4.1.1. Anchor-Word Development and Validation
We identified focal psychological constructs from Goal-Setting Theory and Social Cognitive Theory. The goal-setting constructs include goal commitment, goal specificity, and goal difficulty. We also examine self-efficacy and its four source dimensions, including mastery experience, vicarious experience, social persuasion, and physiological states. These constructs cover both unidimensional and multidimensional structures, are theoretically central to exercise behavior, and can be meaningfully represented through bipolar semantic dimensions.
In the Chinese fitness domain, anchor words were selected to capture theoretically meaningful semantic contrasts. Goal specificity contrasts quantified goal indicators with vague outcome expectations. Goal difficulty contrasts high-effort or challenge-related expressions with low-intensity or easy activities. Goal commitment contrasts determination and follow-through with hesitation, delay, or disengagement. For self-efficacy, mastery experience contrasts success with failure-related expressions, vicarious experience contrasts learning from others with unguided trial-and-error, social persuasion contrasts supportive with discouraging feedback, and physiological states contrast energetic or positive conditions with fatigued or depleted ones.
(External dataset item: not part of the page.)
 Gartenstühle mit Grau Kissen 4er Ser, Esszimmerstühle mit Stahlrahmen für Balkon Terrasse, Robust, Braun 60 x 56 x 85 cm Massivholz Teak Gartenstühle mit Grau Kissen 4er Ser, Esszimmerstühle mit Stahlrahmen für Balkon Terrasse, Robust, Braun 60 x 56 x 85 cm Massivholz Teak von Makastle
Some dimensions require context-specific interpretation. The goal difficulty axis captures difficulty-related expressions in online fitness discourse, including perceived obstacles, fatigue, and challenge-related language, and should not be treated as a direct measure of objective goal difficulty in the original Goal-Setting Theory. Similarly, the social persuasion axis captures platform expressions related to encouragement or discouragement, whose behavioral meaning may depend on whether they reflect stable support or compensatory help-seeking.
Table 6 presents representative English glosses of selected Chinese anchor words to help international readers to understand their semantic content and polarity. The empirical analysis uses the original Chinese anchor words.
The anchor-word dictionaries were developed in three stages. First, theory pooling drew on Goal-Setting Theory, Social Cognitive Theory, and fitness-community language to generate 260 candidate words. After screening against the 200-dimensional GloVe vocabulary trained on the 816 MB corpus, 251 valid candidates remained. Second, three eHealth scholars independently evaluated the fit between candidate words and construct definitions. Words were retained when at least two experts agreed on their assigned category. Inter-rater agreement was high, with Krippendorff’s , and 232 theoretically relevant anchor words were retained.
Finally, we conducted semantic-space diagnostics. For each construct, we calculated average cosine similarity within the positive pole, within the negative pole, and between poles. This diagnostic assessed whether words within the same pole were, on average, closer to one another than to words from the opposite pole.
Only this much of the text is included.